O Samuel a verTV vem fazer-me  aquelas perguntas mais loucas e absurdas. Tenho que ter a resposta. Ele não aceita o meu “não sei”.

– Nossa, mamã! Tu não sabes de nada!

E sei! Sei bastante coisa, mas o que ele pergunta não está na minha área de atuação, algumas não estão na área de atuação de ninguém. Aqueles “porquês” complicados de explicar. Algumas vezes tenho que pesquisar para responder. Algumas não adianta pesquisar.

– Por que os pais se separam, mãe?

– Uai, eu não sei. Por que os adultos mudam de opinião a toda hora ou deixam de amar a pessoa com que ela casou.  – Respondo.
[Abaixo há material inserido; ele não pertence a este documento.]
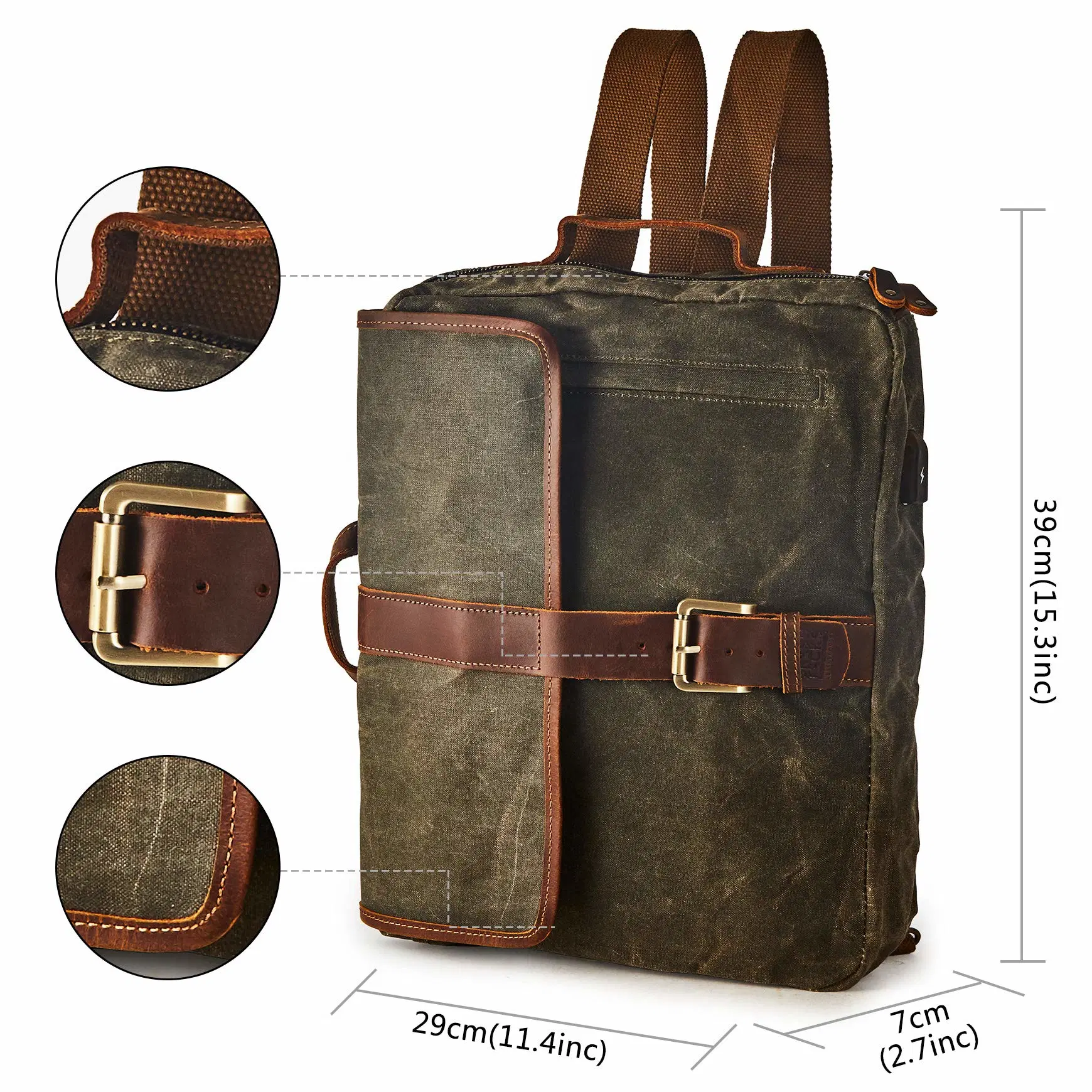 Fabricant de sac de toile durable étudiant Retro sac à dos Sac à dos en toile pour les hommes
– Mas por que deixar de amar? Por que elas não podem amar para sempre as pessoas?

Xeque-mate!

– Eu já disse que não sei, Samuel.

Realmente, não sei de nada. Ele tem razão! Está ali uma mãe confusa até das próprias decisões. Ele sai todo feliz e satisfeito e eu com a pulga atrás da orelha.

E de onde a criança tirou que a mãe sabe sempre tudo, que sempre tem as respostas? Ás vezes sinto-me  tão perdida e desorientada, louca por um colo de mãe, a minha provavelmente saberia dar-me  essas respostas. Seria eu uma pessoa não-preparada para ser mãe? Seriam todas as mães perdidas e desorientadas? Só as nossas mães é que sabem? Ou não?
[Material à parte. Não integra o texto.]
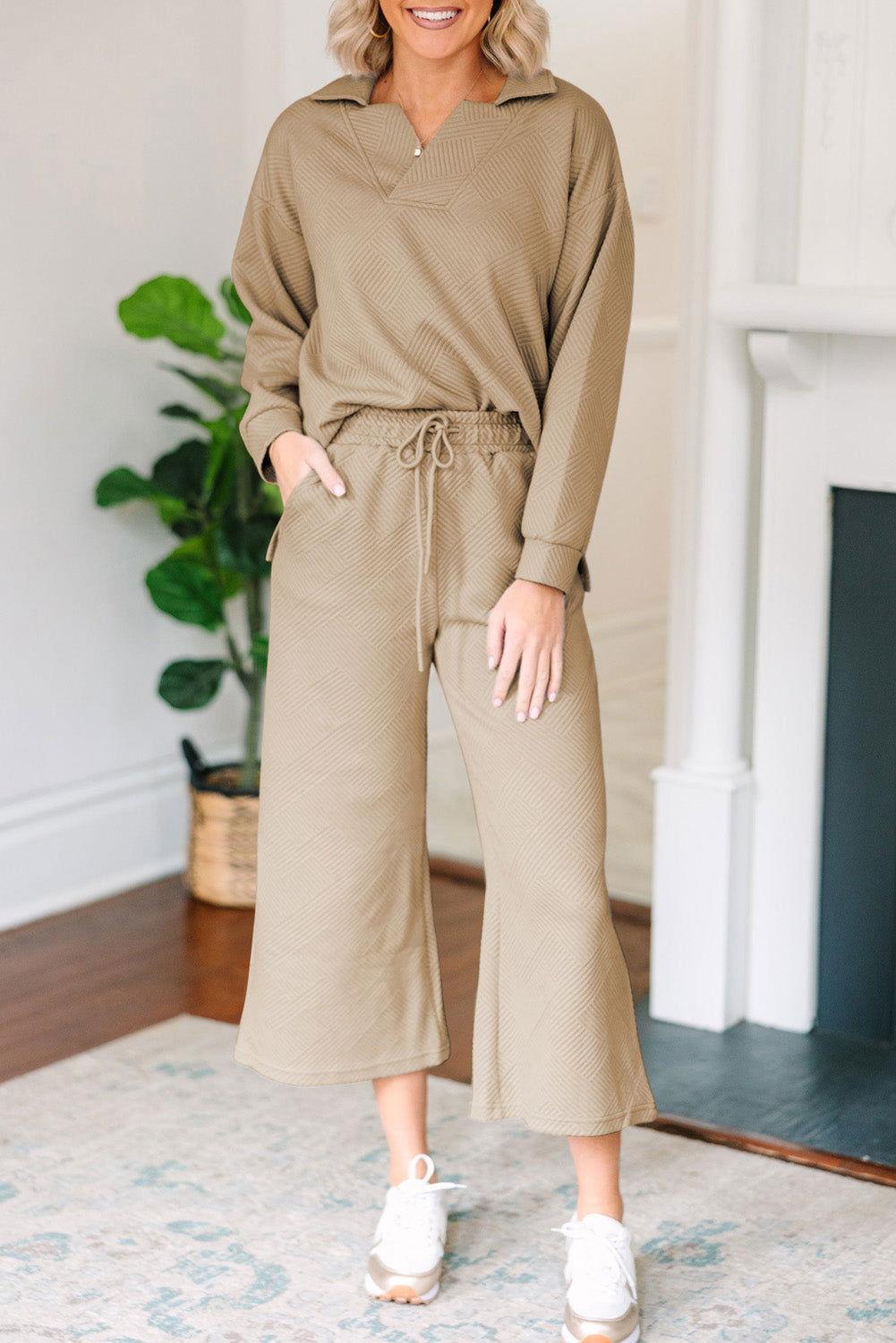 Textured Collared Neck Top and Wide Leg Pants Set - Clothes For Her Online Store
Sei lá! Mas de uma coisa eu sei. Nós tentamos. É claro, a vida não é feita de tentativas, mas de realizações, como li nalgum lugar. Porém neste processo de “tenta e persiste”, na tentativa, muito aprendizado passou por deixado dessa ponte, muitos momentos bons de risadas, já que rir dos próprios erros é uma delícia e nos deixa mais leves.

Criança não tem disso de sentir vergonha no erro, do não saber. Eles tentam até conseguir, acho que é por isso que conseguem e evoluem tanto em tão pouco tempo. À medida que vão crescendo e preocupando-se com o erro, nos outros e o que vão pensar, a evolução diminui. Imagina só um bebé sentado no chão com os bracinhos cruzados a pensar:

– Ha, não! Já tentei andar duas vezes. Duas! Veja só que despautério!! E caí. Então vou deixar para lá. Ficarei sentado e assim permanecerei. Caso precise ir a algum lugar, choro que a mamã vem pegar-me . Se ela não vier, arrasto meu rabinho por todo lado e pronto!

Mas não. Eles não pensam assim. Levantam com as perninhas trémulas, vai o primeiro passinho, o segundo e caem. Acham graça da queda e levantam novamente.

Neste caminho de auto-conhecimento das nossas habilidades e limitações, os momentos vão sendo guardados. Aquele bolo de banana, receita facílima de família que não deu certo? Virou risada. Aquele tombo que o seu filho deu virou estilo “não foi nada, vai sarar” por que viste o cordão desamarrado? Virou aprendizado. Aquelas perguntas que não soube responder? Viraram momentos divertidos à procura da resposta ou de reflexão diante da sabedoria e verdade inquestionável das crianças.

Enquanto isso, aproveito esses momentos de super-heroína que me restam. Eles estão a crescer, logo a certeza que o Bernardo tem de que eu sei arranjar tudo que estraga na sua vida, vira dúvida. Samuel já me questiona. Não me importo. É sinal de inteligência e personalidade. Porém chateia ver que apenas a minha opinião não basta. Bom, o meu colo ainda cura, ainda bem. Ainda são os meus braços que eles procuram, do menorzinho ao mais velho, quando algo de mau acontece ou dói. Pois sabendo as respostas da vida ou não, estando perdida ou certa das decisões que tomo, cabeça leve ou fechada pela dureza da vida, tudo isso não importa porque os braços… Ha, esses estarão sempre abertos!